Michael CummingsFeatured Columnist IVApril 6, 2017

LONDON, ENGLAND - OCTOBER 27:  Jack Wilshere of Arsenal is pursued by Esteban Granero of QPR during the Barclays Premier League match between Arsenal and QPR at The Emirates Stadium on October 27, 2012 in London, England.  (Photo by Shaun Botterill/Getty Images)
Shaun Botterill/Getty Images

Now that Jack's back, what does it mean for Arsenal?

Jack Wilshere returned to Arsenal's starting lineup at the weekend in the Gunners' 1-0 home victory over Queens Park Rangers in the English Premier League. The start was Wilshere's first appearance for Arsenal in a first-team match since May 2011.

In the 524 days between first-team appearances, Wilshere had battled through a series of injuries and setbacks. His return lasted 67 minutes, a fact that's not surprising considering the amount of time Wilshere spent away from the lineup.

Wilshere generally played well during those 67 minutes, contributing often to an Arsenal attack that had sputtered in its previous matches against Schalke (in the UEFA Champions League) and Norwich City (in the Premier League).

The performance drew strong reviews from Wilshere's teammates and manager Arsene Wenger.

“He’s an amazing player,” Arsenal captain Thomas Vermaelen said of Wilshere (via Arsenal.com). “I think he can be one of the best midfielders in the world because what he did in his first year was great.”

Added Wenger (via Arsenal.com):

For the first game it looked quite promising. He plays in a new midfield because the last time he played it was with Nasri, Fabregas and Song. Now he is in a new midfield, and it can take a little bit of time to adjust but that will come quickly.

Wilshere himself expressed relief and spoke about the need to continue working hard (via Arsenal.com):

It's been a long journey. As I've just been told, it's been 524 days since my last game. That's a long time, especially not to have any competition. You can play many reserve games but to come back into the Premier League is difficult.

How well did Wilshere perform? What can Gooners expect from the 20-year-old England international's return?

Let's look at the stats.

(Stats via WhoScored.com)

Wilshere completed 93.6 percent of his passes Saturday against QPR. Such a high ratio fits in well with Arsenal's possession-oriented style and should bode well for Wilshere's potential partnership with fellow midfielders Mikel Arteta and Santi Cazorla.
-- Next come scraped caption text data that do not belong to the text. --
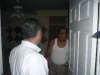 luis-eduardo-quiros-san-pedro-7.jpg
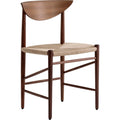 Thumbnail photo of Drawn HM3 Dining Chair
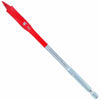 Hardware Store USA | 3/8''x6'' Spade Bit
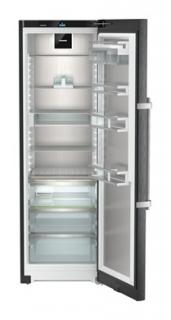 Liebherr SRBbsd 529i Peak BioFresh Frigider fix cu BioFresh Professional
As Wenger pointed out, Arsenal's midfield featured Cesc Fabregas and Samir Nasri the last time Wilshere was healthy. He will need time to develop an understanding with his new midfield mates, but Saturday's stats hint at how successful a midfield of Wilshere, Arteta and Cazorla could be.
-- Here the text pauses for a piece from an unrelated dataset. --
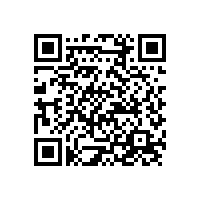 漁光互補(bǔ)如何選址？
Wilshere's touches, key passes, tackles and interceptions on Saturday were slightly down from his 2010-11 averages, but that should not be a serious concern for Wenger. One match is too small a sample size with which to draw conclusions, and Wilshere was probably instructed to avoid unnecessary physical challenges in order to protect himself.

Meanwhile, Wilshere completed four dribbles (up from 1.7 per match in 2010-11) and took one shot (roughly equal) against QPR. Here, too, sample size should serve as a caution, but it's interesting to wonder whether Wilshere has added a new dimension (dribbling) to his game.

All considered, Wilshere's return should serve as an encouraging sign for Arsenal fans weary from defeats to Norwich and Schalke. If he remains healthy, Wilshere should present Wenger with a high-quality option in midfield for the rest of the season and in the years to come.